Task instructions: Print, from the listing below, the lines starting at the line containing "Navy Blue Wool Military Long Jacket" and ending at the line containing "Semišové sandály na", exactly as they stand, and print nothing else.

Material for this task:
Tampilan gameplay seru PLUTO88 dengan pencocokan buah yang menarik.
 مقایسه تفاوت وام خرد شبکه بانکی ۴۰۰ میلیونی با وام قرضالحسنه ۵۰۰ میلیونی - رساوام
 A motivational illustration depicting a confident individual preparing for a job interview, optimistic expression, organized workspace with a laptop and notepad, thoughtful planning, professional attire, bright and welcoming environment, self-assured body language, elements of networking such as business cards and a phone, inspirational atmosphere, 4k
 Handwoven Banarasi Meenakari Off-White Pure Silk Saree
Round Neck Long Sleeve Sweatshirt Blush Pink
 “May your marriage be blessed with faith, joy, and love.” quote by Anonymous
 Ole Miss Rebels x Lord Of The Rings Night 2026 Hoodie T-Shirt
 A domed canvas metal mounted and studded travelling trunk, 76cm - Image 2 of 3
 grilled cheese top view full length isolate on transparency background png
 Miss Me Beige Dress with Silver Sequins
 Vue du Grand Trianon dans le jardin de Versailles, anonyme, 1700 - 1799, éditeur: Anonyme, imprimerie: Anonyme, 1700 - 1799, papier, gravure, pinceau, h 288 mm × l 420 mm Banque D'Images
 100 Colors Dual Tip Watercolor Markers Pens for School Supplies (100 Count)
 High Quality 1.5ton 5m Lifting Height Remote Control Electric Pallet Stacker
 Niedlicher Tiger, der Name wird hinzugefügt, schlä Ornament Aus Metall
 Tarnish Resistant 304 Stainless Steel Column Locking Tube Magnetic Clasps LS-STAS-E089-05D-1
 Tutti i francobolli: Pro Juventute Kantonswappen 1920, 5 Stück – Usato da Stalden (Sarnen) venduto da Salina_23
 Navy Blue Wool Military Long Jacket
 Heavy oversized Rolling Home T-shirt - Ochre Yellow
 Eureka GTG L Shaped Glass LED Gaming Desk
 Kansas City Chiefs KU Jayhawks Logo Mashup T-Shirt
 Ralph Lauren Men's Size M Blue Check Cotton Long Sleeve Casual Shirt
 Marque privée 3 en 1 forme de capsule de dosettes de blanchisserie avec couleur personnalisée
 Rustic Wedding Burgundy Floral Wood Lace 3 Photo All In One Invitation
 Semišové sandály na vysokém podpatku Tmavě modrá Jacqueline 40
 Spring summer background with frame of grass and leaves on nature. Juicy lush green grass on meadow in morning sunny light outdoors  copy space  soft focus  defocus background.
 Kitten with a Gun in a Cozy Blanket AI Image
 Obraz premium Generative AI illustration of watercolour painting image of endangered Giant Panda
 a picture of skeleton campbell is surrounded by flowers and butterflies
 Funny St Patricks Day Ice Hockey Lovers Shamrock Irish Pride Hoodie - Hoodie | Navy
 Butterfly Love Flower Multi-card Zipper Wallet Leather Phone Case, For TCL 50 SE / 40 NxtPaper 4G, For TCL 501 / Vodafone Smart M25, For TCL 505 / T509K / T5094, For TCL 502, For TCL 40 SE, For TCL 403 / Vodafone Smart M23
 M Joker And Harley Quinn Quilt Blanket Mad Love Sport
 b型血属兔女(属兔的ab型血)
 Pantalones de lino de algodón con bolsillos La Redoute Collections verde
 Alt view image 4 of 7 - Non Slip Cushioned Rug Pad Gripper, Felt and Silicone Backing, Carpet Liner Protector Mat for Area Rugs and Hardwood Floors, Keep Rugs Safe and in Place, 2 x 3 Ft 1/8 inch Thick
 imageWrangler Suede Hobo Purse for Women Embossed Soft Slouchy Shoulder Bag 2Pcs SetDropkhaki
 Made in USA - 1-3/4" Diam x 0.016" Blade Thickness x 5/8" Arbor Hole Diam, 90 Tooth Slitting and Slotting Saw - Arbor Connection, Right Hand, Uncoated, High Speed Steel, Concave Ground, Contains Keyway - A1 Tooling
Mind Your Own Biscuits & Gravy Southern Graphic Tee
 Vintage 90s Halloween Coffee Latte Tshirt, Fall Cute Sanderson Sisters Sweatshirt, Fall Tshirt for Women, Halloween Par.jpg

Task result:
 Navy Blue Wool Military Long Jacket
 Heavy oversized Rolling Home T-shirt - Ochre Yellow
 Eureka GTG L Shaped Glass LED Gaming Desk
 Kansas City Chiefs KU Jayhawks Logo Mashup T-Shirt
 Ralph Lauren Men's Size M Blue Check Cotton Long Sleeve Casual Shirt
 Marque privée 3 en 1 forme de capsule de dosettes de blanchisserie avec couleur personnalisée
 Rustic Wedding Burgundy Floral Wood Lace 3 Photo All In One Invitation
 Semišové sandály na vysokém podpatku Tmavě modrá Jacqueline 40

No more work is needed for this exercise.